» Task description
Find "Beautiful Latina Sheila" in the listing below, then set down only that line and each later line, unchanged, leaving out pictures.

· · · · · · ·

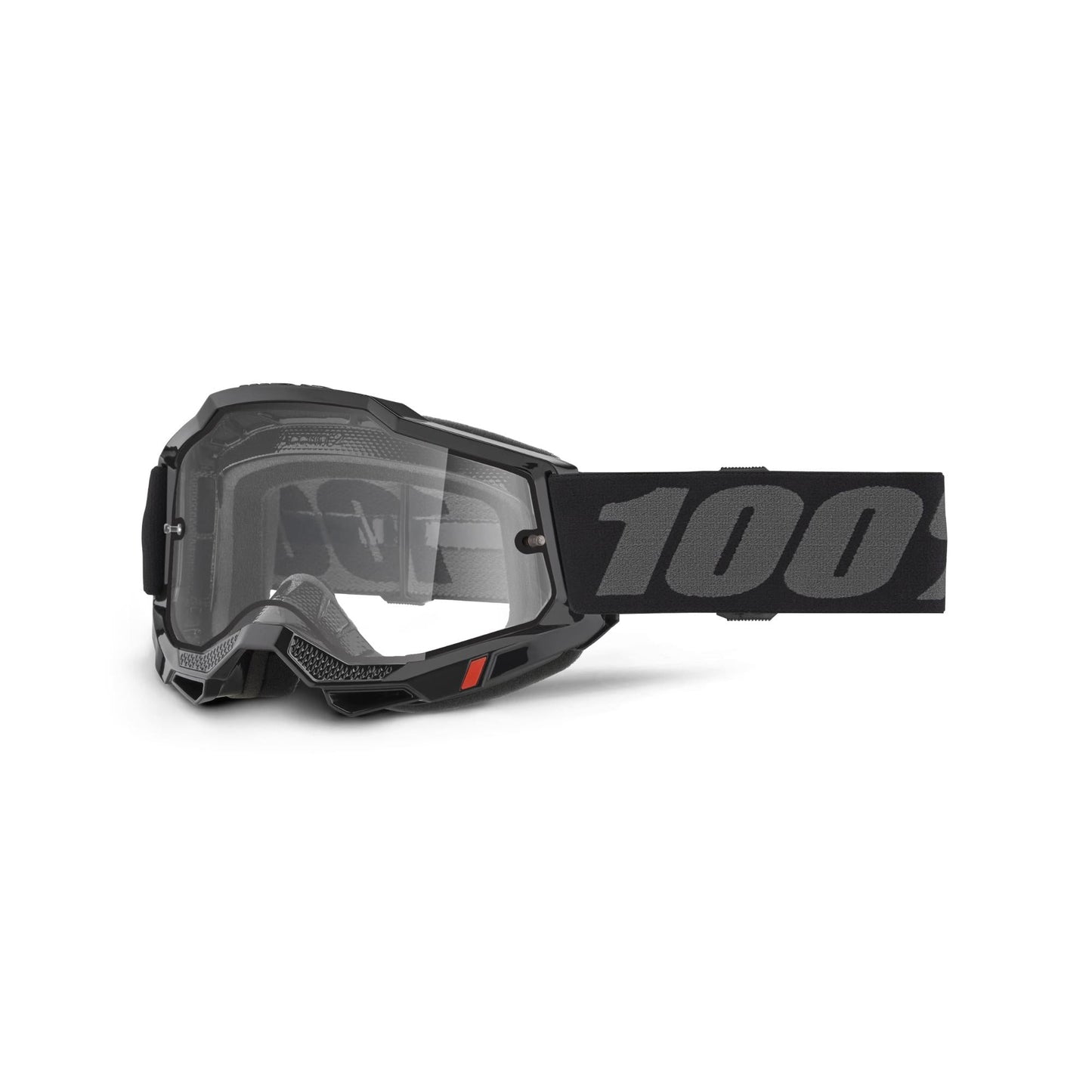 100% Accuri 2 Enduro Moto Goggles-Black-Clear Lens-BRINK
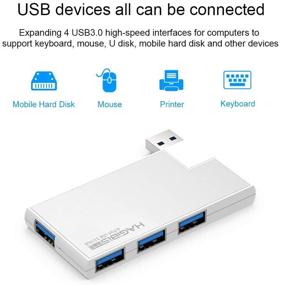 img 1 attached to 💻 Hagibis USB 3.0 HUB - Case of 50: Super Speed 4 Port USB Hub for MacBook, Surface Pro, and More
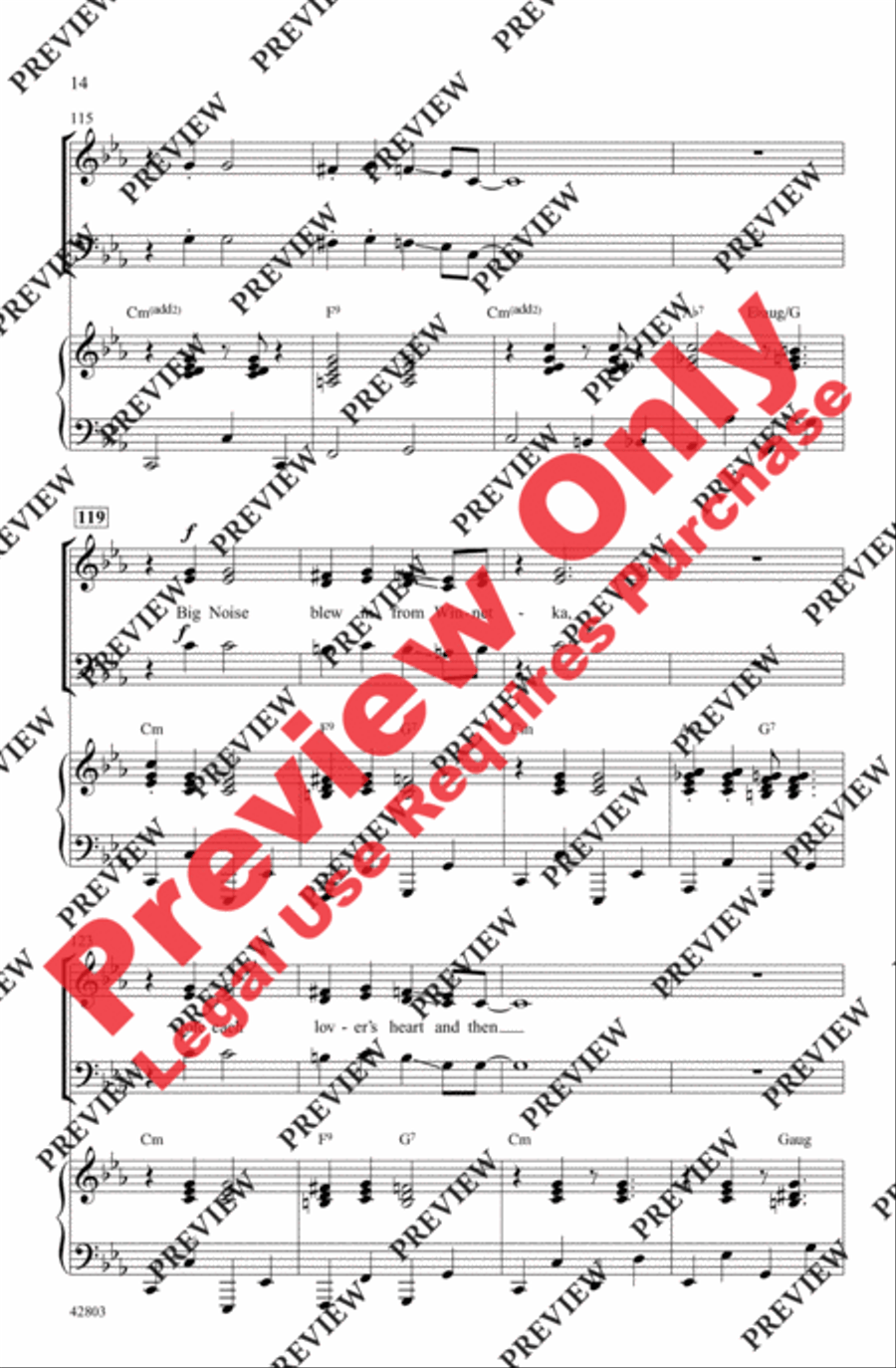 Swing's the Thing! 3-Part scores gallery preview page 13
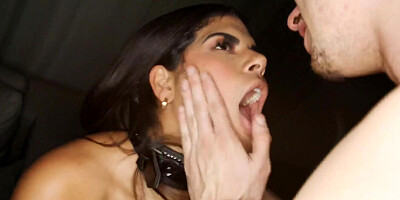 Beautiful Latina Sheila Ortega completely submits to light BDSM and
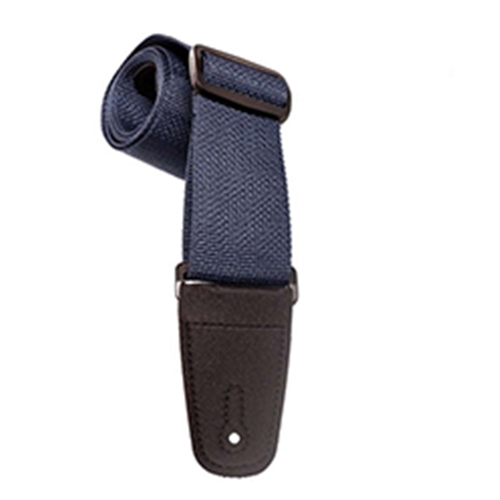 Henry Heller HPOLNAV 2" Poly Strap with Leather Ends Navy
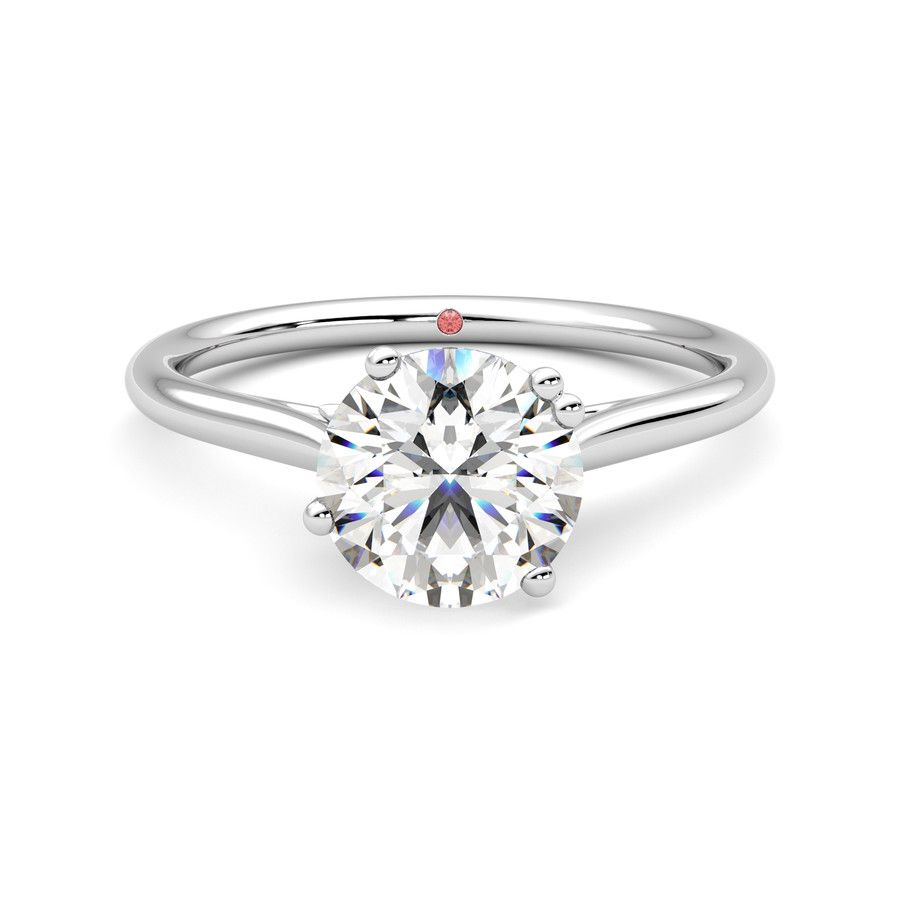 Taylor & Hart Hana Round Engagement Ring 0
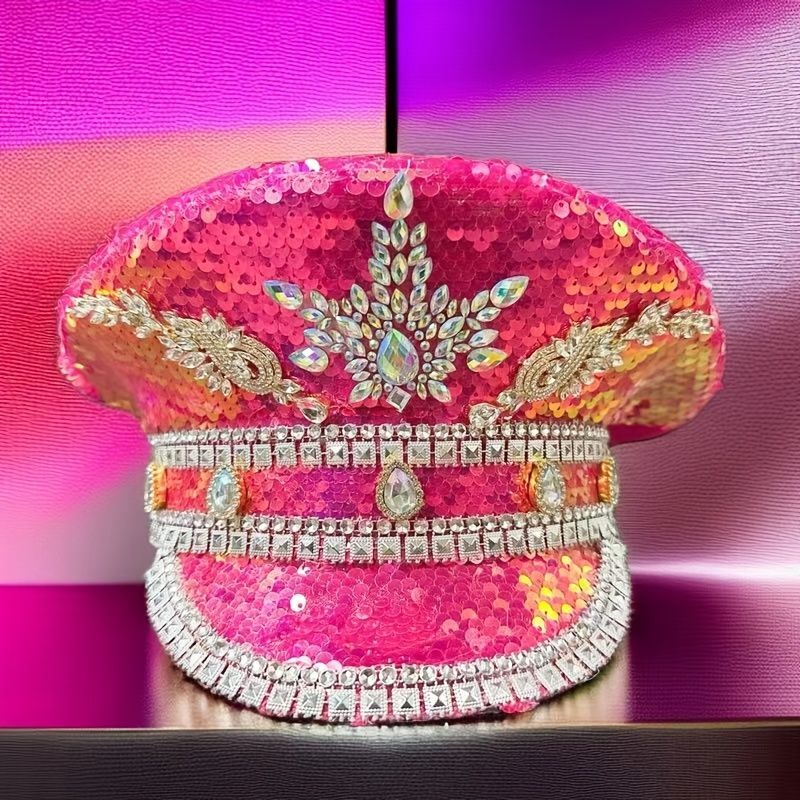 shiny rhinestone captain hat โ image 6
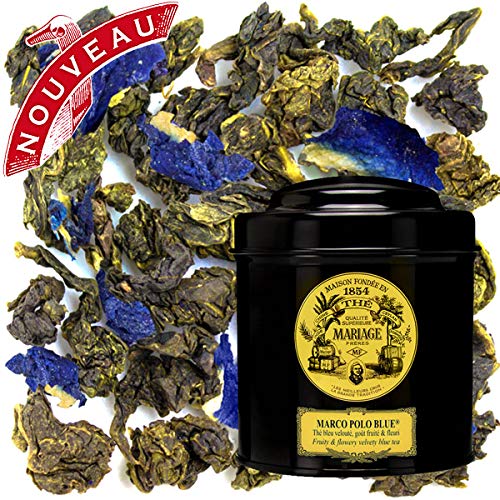 Mariage Freres. Marco Polo Blue 100g Loose Tea, in a Tin Caddy (1 Pack).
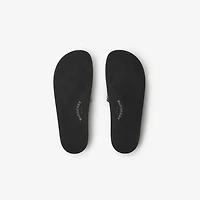 Check Slides in Black/calico - Men, Technical | Burberry® Official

· · · · · · ·

» Written response
 Beautiful Latina Sheila Ortega completely submits to light BDSM and
 Henry Heller HPOLNAV 2" Poly Strap with Leather Ends Navy
 Taylor & Hart Hana Round Engagement Ring 0
 shiny rhinestone captain hat โ image 6
 Mariage Freres. Marco Polo Blue 100g Loose Tea, in a Tin Caddy (1 Pack).
 Check Slides in Black/calico - Men, Technical | Burberry® Official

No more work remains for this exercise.